Das OLG Hamm (Urteil vom 04.12.2009 - 20 U 131/09) hat entschieden:

   Äußert der Kunde einen klar artikulierten fest abgegrenzten Wunsch zur Fahrzeugversicherung, so ist der Versicherungsvermittler regelmäßig nicht zur weitergehenden Befragung oder Beratung verpflichtet, insbesondere wenn es sich um ein Standardprodukt handelt und dem Kunden die Unterschiede bekannt sind. Eine Verletzung der Dokumentationspflicht führt im Regelfall nur dann zu einem Schadensersatzanspruch, wenn dem Versicherungsnehmer ein kausaler Beweisnachteil entsteht.
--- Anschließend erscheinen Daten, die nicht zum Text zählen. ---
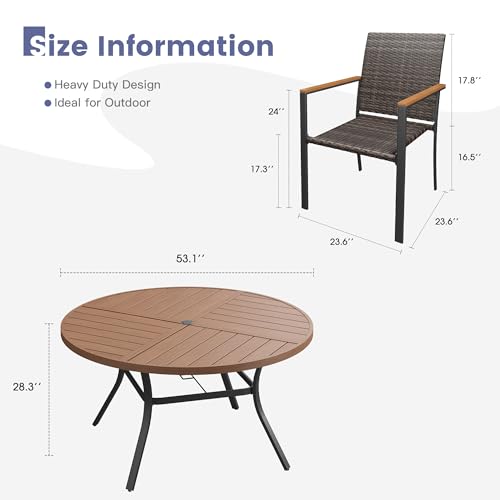 Image of VICLLAX Round Patio Table and Chairs, 9 Pieces Outdoor Dining Set of Metal Patio Table with Storage Shelf and 8 Wicker Patio Stackable Chairs for Porch Yard Garden, Walnut Tabletop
(Orientierungssatz, nicht amtlich)

Siehe auch
Schadensersatzansprüche aus schuldrechtlicher Sonderbeziehung
und
Stichwörter zum Thema Kfz-Versicherung


Tenor:

Die Berufung der Klägerin gegen das am 22.04.2009 verkündete Urteil der 22. Zivilkammer des Landgerichts Dortmund wird zurückgewiesen.
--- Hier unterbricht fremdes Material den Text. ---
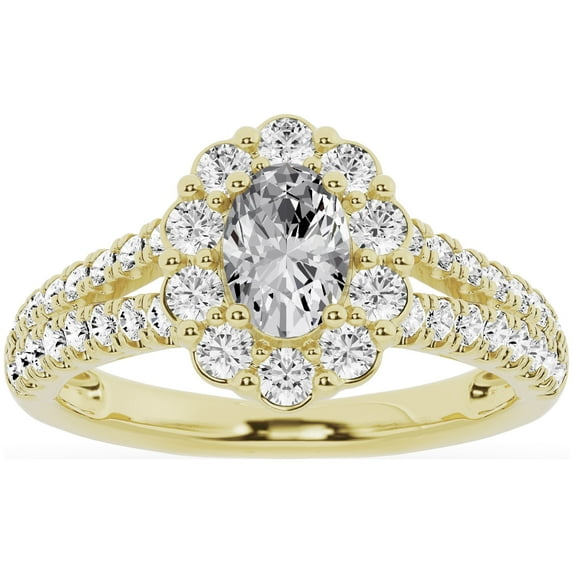 Unique Moments 1.50 ct Lab-Grown Oval Split Shank Halo Diamond Engagement Ring 14K Yellow Gold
Die Klägerin trägt die Kosten der Berufung.

Das Urteil ist vorläufig vollstreckbar.

Der Klägerin bleibt nachgelassen, die Vollstreckung durch Sicherheitsleistung in Höhe von 110 % des aufgrund des Urteils vollstreckbaren Betrages abzuwenden, wenn nicht der Beklagte vor der Vollstreckung Sicherheit in Höhe von 110 % des zu vollstreckenden Betrages erbringt.

Gründe:


Die zulässige Berufung ist unbegründet. Die Klage ist unbegründet. Der Klägerin steht der geltend gemachte Schadenersatzanspruch nicht zu. Das Urteil des Landgerichts erweist sich sowohl im Ergebnis als auch in der Begründung als zutreffend. Zur Vermeidung von Wiederholung nimmt der Senat vollumfänglich Bezug auf die überzeugenden Ausführungen im angefochtenen Urteil. Im Hinblick hierauf sieht der Senat nur noch Anlass zu folgenden - ergänzenden - Ausführungen:

1.) Als Anspruchsgrundlage kommt nur die - durch die Vermittlerrichtlinie eingeführte und vom 22.05.- 31.12.2007 geltende - abschließende - Regelung des § 43 e VVG a. F. (der die Regelung des § 63 VVG n. F. entspricht) in Betracht (vgl. hierzu z. B. Reiff, Das Gesetz zur Neuregelung des Versicherungsvermittlerrechts, VersR 2007, 717; Fetzer; Das neue Recht für Versicherungsvermittler, juris-PR-VersR 1/2007, 2/2007 und 5/2007; Reiff in Beckmann/Matusche-Beckmann, VRHB, 2. Aufl., § 5 RdNr. 154 ff.) und zwar wegen der Verletzung der aus § 42 c VVG a. F. folgenden Fragepflicht bzw. Beratungspflicht und Dokumentationspflicht (§ 61 VVG n. F.).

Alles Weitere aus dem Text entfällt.